As recentes cimeiras da NATO, em Londres, e do clima,
em Madrid, vieram tornar claras três coisas.
Primeira, a transição geopolítica em curso na Europa,
com ou sem fim do guarda-chuva americano, exige investimentos pesados na Defesa
e Segurança.
Segunda, a transição na política climática, servida por
uma dramatizada gestão da percepção, com mais ou menos Greta, exige toda uma
reformulação do modelo económico europeu e, portanto, mais e muitos investimentos
pesadíssimos.
Terceira, a incapacidade da Europa para financiar estas
transições sem um insuportável agravamento das condições económicas de vida de
99% da sua população, sendo que esta já manifesta nas ruas e nas urnas a sua
recusa de tal agravamento e que também é claro não terem as actuais classes
dirigentes europeias condições políticas para impor à imensa maioria da
população o pagamento de tais transições.
A transição climática vai, portanto, gerar uma situação
de fractura, de fragmentação social e, como já alguém colocou a questão, vai
ser a guerra entre os que estão preocupados com a chegada do “fim do mundo” e
os que estão angustiados para chegar ao fim do mês...
A transição climática, que tão dramatizada tem estado a
ser, também vai levar a “Europa” a chocar com a sua impotência real: os grandes
poluidores (China, India e ainda os USA) vão obviamente ignorar esta
dramatização europeia e suas políticas fantasiosas e gerir as coisas em função
dos seus interesses nacionais.
Mesmo dentro da União Europeia, o grande poluidor
europeu (a Alemanha, claro) vai gerir as coisas no seu interesse nacional e
deixar que os outros se agitem enquanto passa a caravana alemã do carvão e da
indústria química...
É bom não esquecer que o primeiro trabalho sério sobre
a necessidade de uma transição energética e as consequências das alterações
climáticas (e que tem já cerca de 20 anos!) é da autoria do... Pentágono!
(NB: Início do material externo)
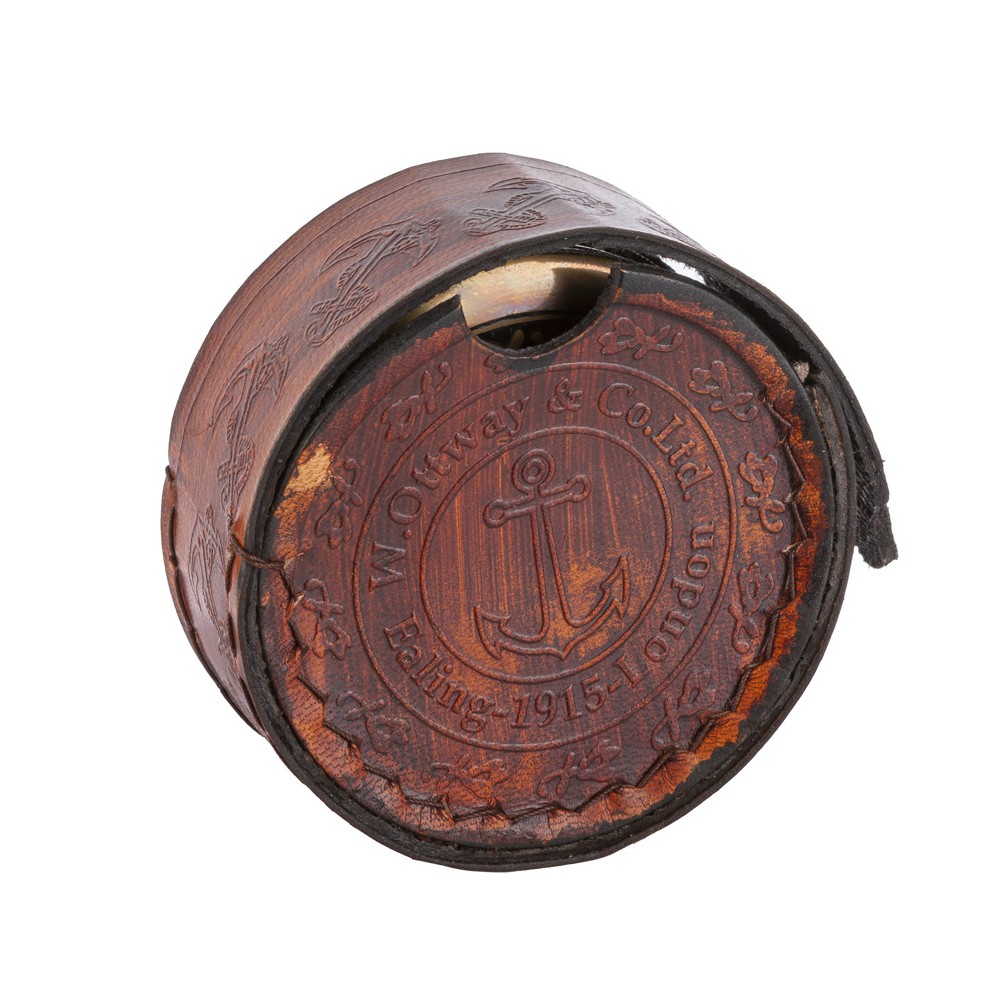 Boussole magnétique nautique bois et laiton de collection,reproduction d' ancien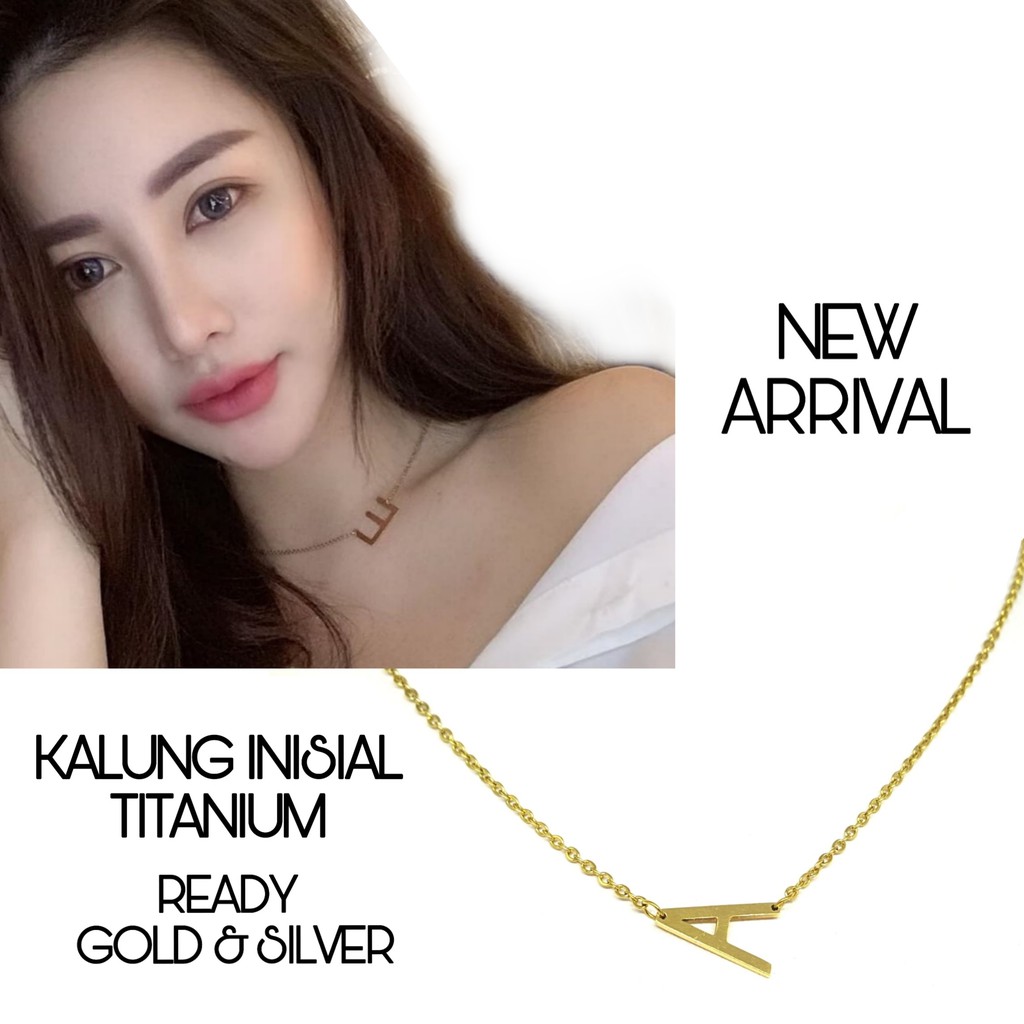 PGX Kalung Titanium Huruf Inisial Nama Alfabet Anti Karat Aksesoris Fashion - T041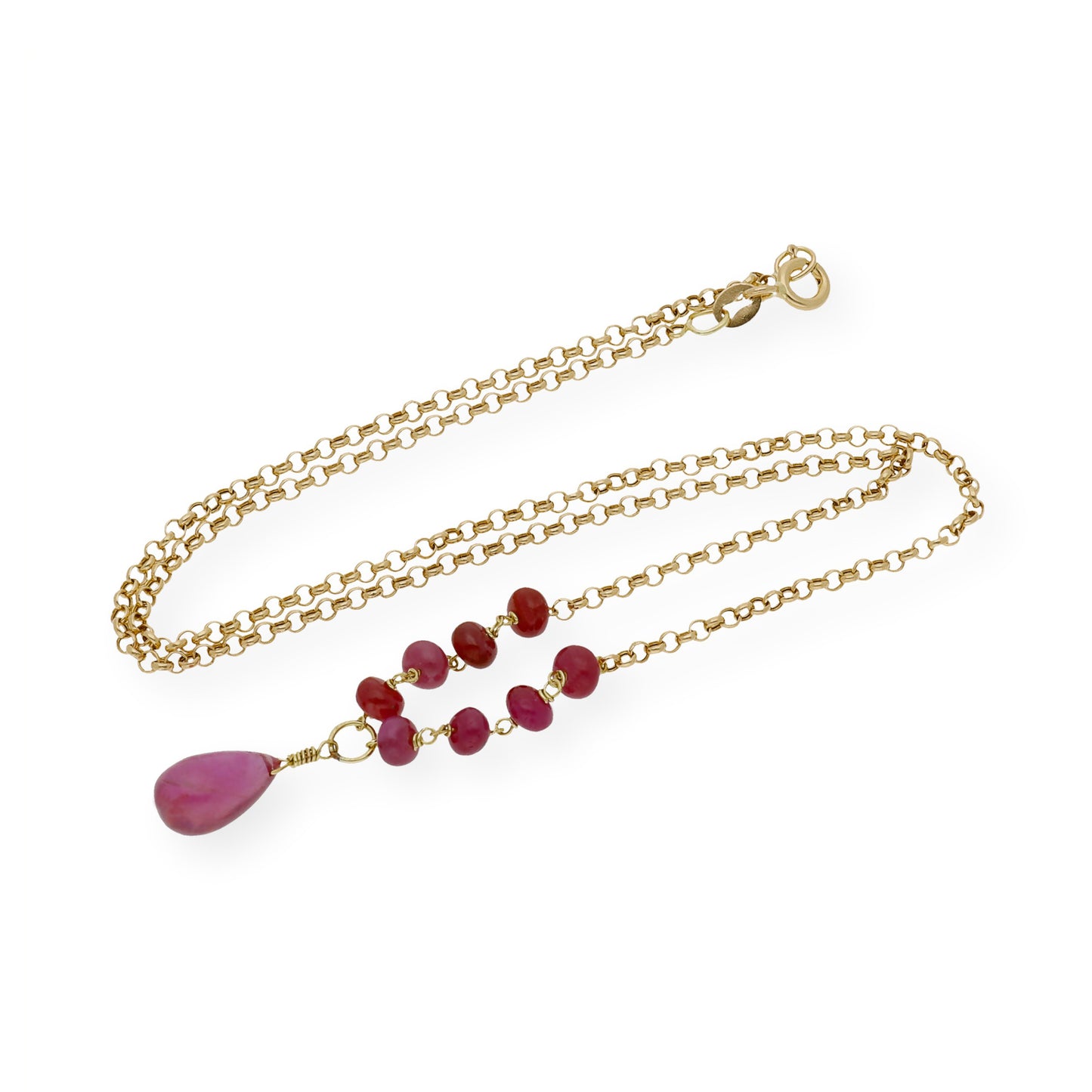 Collar de Oro 18k y Rubíes Tallados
Quem
o não leu, na altura, teria toda a conveniência, ainda hoje, em procurá-lo e
estudá-lo.
As elites neo-liberais, até agora reinantes neste
Ocidente em radical mudança, mostram-se impotentes para transferir para os
assalariados (privados e públicos, classe média incluída) os custos destas
transições. As revoltas populares dos eleitores (nas ruas ou nas urnas) trazem,
entretanto, as provas de que a UE falhou totalmente na tentativa
berlinense-bruxelense de substituir as culturas nacionais por uma “cultura
europeia”.
As várias formas das revoltas populares trazem ao de
cima as suas diferentes culturas nacionais. Os ingleses mandam a UE à fava com
um Brexit muito democraticamente expresso, confirmado e reconfirmado nas urnas,
bem à britânica. E acabam, aliás, de despedir uma grande parte da sua classe
política, aquela que está agarrada por tudo aquilo que as urnas inglesas
rejeitam desde 2016.
Os franceses fazem na rua o que, em toda a Europa, só
eles são capazes e como só eles sabem fazer e encostam às cordas a sua
descredibilizada e deslegitimizada elite política.
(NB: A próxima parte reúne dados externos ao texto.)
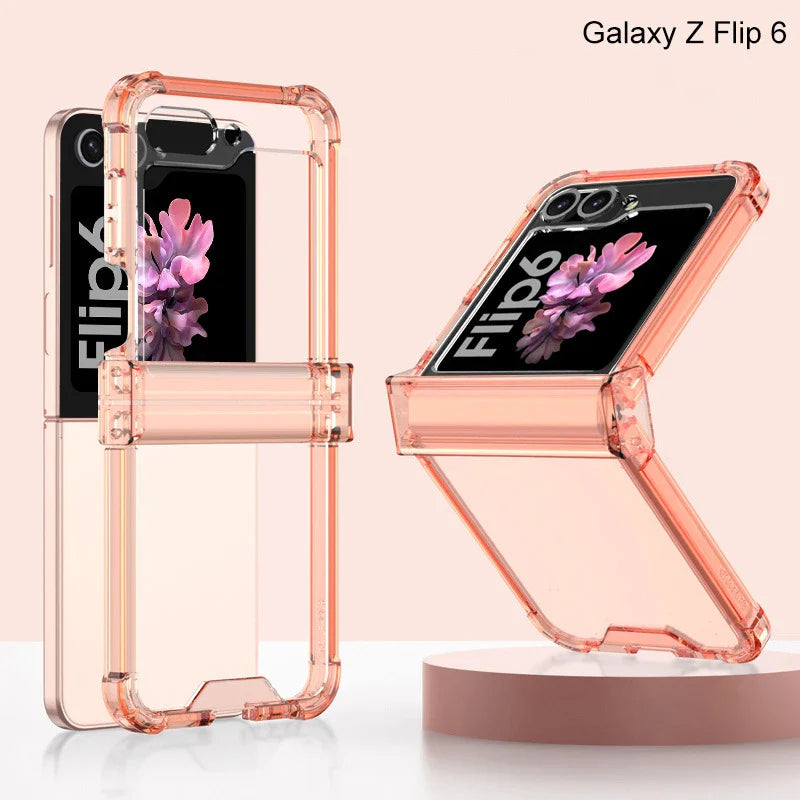 Transparent Case with Hinge Protection For Samsung Galaxy Z Flip
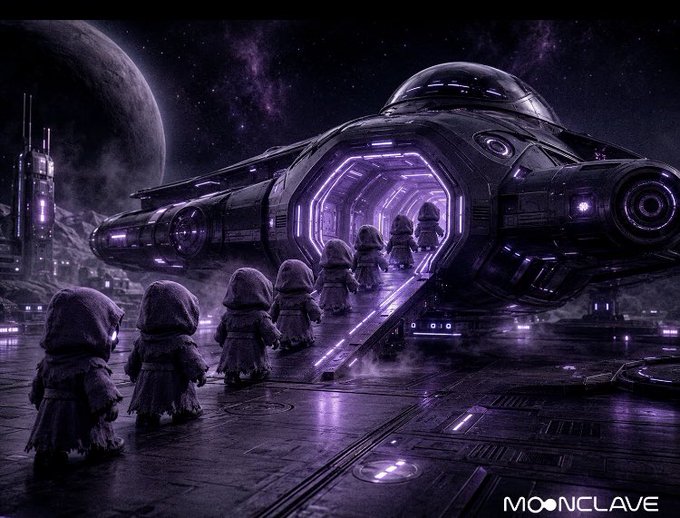 A digital artwork by 'MOONCLAVE' depicts hooded figures walking up a ramp into a futuristic spacecraft under a starry sky with a planet visible.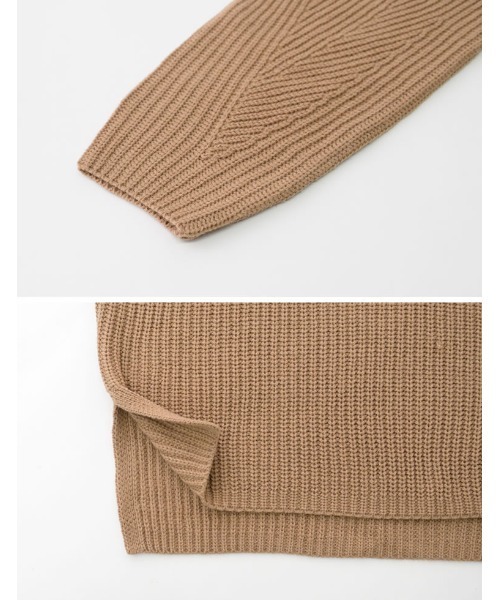 Re:EDIT（リエディ）の「畦編み深Vネックニットトップス（ニット/セーター・レディース・グレー/グリーン/パープル/モカ/アイボリー/ベージュ/ブラック・MEDIUM/LARGE）」の21枚目の写真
Os italianos recuperam a sua tradição de ir buscar à
esquerda o leader da direita, capaz de a conduzir no assalto ao poder com um
programa disruptivo e “nunca antes visto”. Recorde-se que Salvini foi eleito a
primeira vez numa lista de “foice e martelo”...
A Alemanha retoma os seus velhos e bárbaros hábitos de
recurso a uma extrema-direita brutal, anti-semita e “popular”.
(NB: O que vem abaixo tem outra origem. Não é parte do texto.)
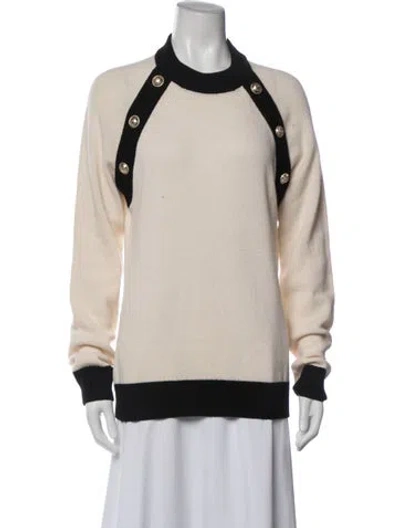 Pre-owned Balmain Virgin Wool Crew Neck Sweater In Neutrals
No leste da UE (Polónia, Hungria, etc.) os tipos de
reacção são igualmente manifestações das culturas nacionais e, caso muito
específico, dos fantasmas, traumas e medos das décadas de domínio soviético.
Estas reacções nacionais têm ainda o poder de cruzar a
recusa da degradação económica das condições de vida com as questões colocadas
pela geopolítica e, logo, da definição do “inimigo”, das preferências e dos
sistemas de alianças... O mundo não é bem o mesmo se visto de Varsóvia ou de
Berlim ou de... Lisboa.
A transição geopolítica, por seu lado, vai, com maior
ou menor rapidez mas inevitavelmente, fracturar a “Europa” e reformular os
sistemas de alianças e uma também inevitável recomposição da “aliança marítima”
face ao que já é referido como o eixo Berlim-Moscovo-Pequim, o “eixo
continentalista”.
As questões da geopolítica e os efeitos das revoltas
populares marcaram a cimeira do clima em Madrid, embora todo o folclore
mediático montado à volta de Greta o tenha ocultado. Esta cimeira sempre esteve
marcada para Santiago do Chile mas a revolta popular naquele país sul-americano
(e nos restantes países à sua volta...) fez desaparecer as mínimas condições de
segurança obrigando a que a cimeira tivesse de mudar, à última hora, não só de
país como também de continente.
Este é um facto político (e geopolítico) de importância
capital e, como tal, deveria merecer
alguma visibilidade e reflexão, mas a presença de Greta “vendia” mais.
A fechar esta cimeira de Madrid, um brasileiro veio
colocar o dedo na ferida e fazer a síntese: “Querem uma bela Amazónia,
paguem-na!”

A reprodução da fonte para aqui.